Como se equilibrar no gume dessa faca sem perder tudo a credibilidade junto ao leitor, que por sua vez alavanca o interesse do anunciante? Uma revista de marca, bem pensada, pode ser a mais sensata das soluções.

Num almoço muito interessante com uma pessoa muito inteligente que já trabalha bastante no setor, aprendo que a verdadeira arte da mídia customizada não é vender a marca - isso o anúncio faz, a "armação" disfarçada de matéria faz, a menção "casual" na novela faz. A verdadeira arte é estimular o consumo daquilo que beneficia a marca. Aprendo que um dos casos de maior sucesso do setor é uma revista criada para e bancada por uma empresa escocesa de energia elétrica. Suas páginas são notoriamente ausentes de plugues da empresa. Mas repletas de matérias sobre atividades e produtos que seriam impossíveis sem o consumo da energia elétrica que a companhia vende.

É um equilíbrio zen. Um malabarismo possível.

Dói?

Um lado meu, certamente o lado ex-riponga de sandália de sola de pneu que trabalhava na Rolling Stone, ainda fica ansioso com essa massa de apelos de venda, despejados universalmente, em toda parte, sobre todos nós.
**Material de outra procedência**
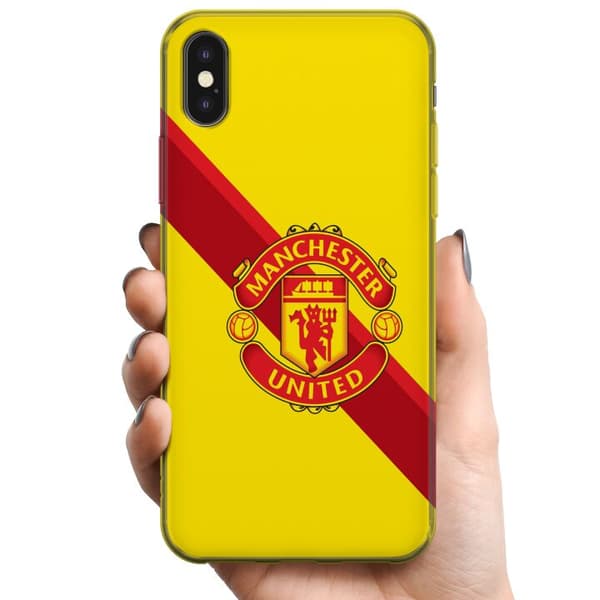 Apple iPhone X TPU Mobildeksel Manchester United FC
Ainda sonho com um espaço em que a informação flua livre, e nada me seja vendido. Mas suspeito que isso seja um acesso lamentável de ingenuidade. O paraíso, se algum dia existiu, foi perdido.

Consideremos então as opções, e as delicadas artes alquímicas que podem nos levar a uma saída viável.
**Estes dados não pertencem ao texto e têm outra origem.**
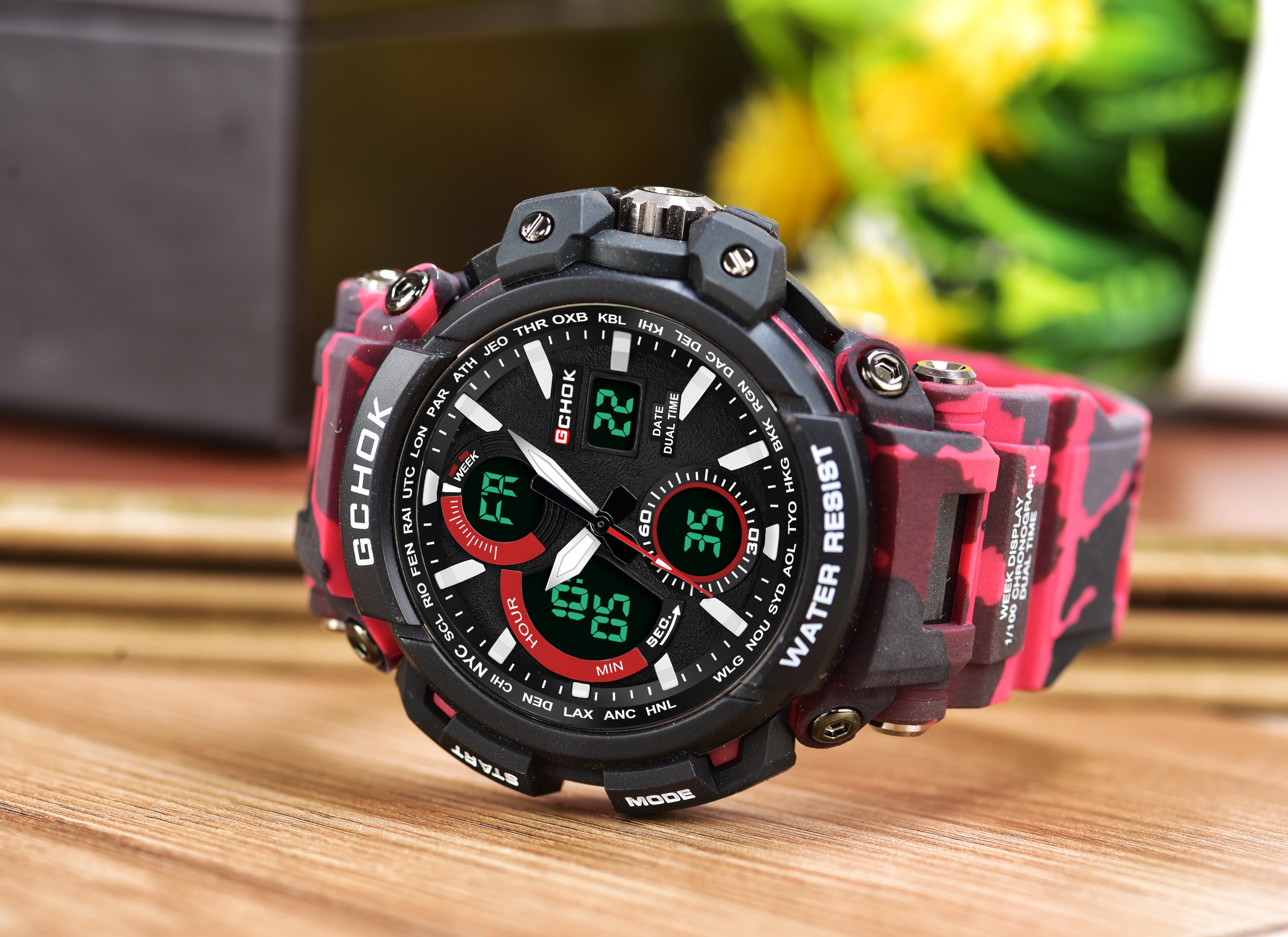 Benling Stylish and Functional Analog Digital Watch with EL Backlight – SKBLANDG-6001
Uma revista customizada burra é, simplesmente, uma revista burra. Não serve ao leitor e não serve à marca. O leitor se sente usado, e se retrai. A marca não vende coisa alguma.

Que novos talentos são exigidos de nós, especialmente na área do jornalismo cultural, a que mais se presta às publicações de marca? Saber distinguir uma customizada de um house-organ é fundamental. Saber identificar o ponto em comum entre os interesses dos leitores e os do "customizador" é o passo seguinte. O resto, imagino, deve vir naturalmente, se o diálogo for realmente fundamentado em clareza e respeito.

Eu já disse que não acredito em diabo?

Nota do Editor
Texto gentilmente cedido pela autora. Originalmente publicado no portal Comunique-se, o qual autorizou a repodução no Digestivo Cultural.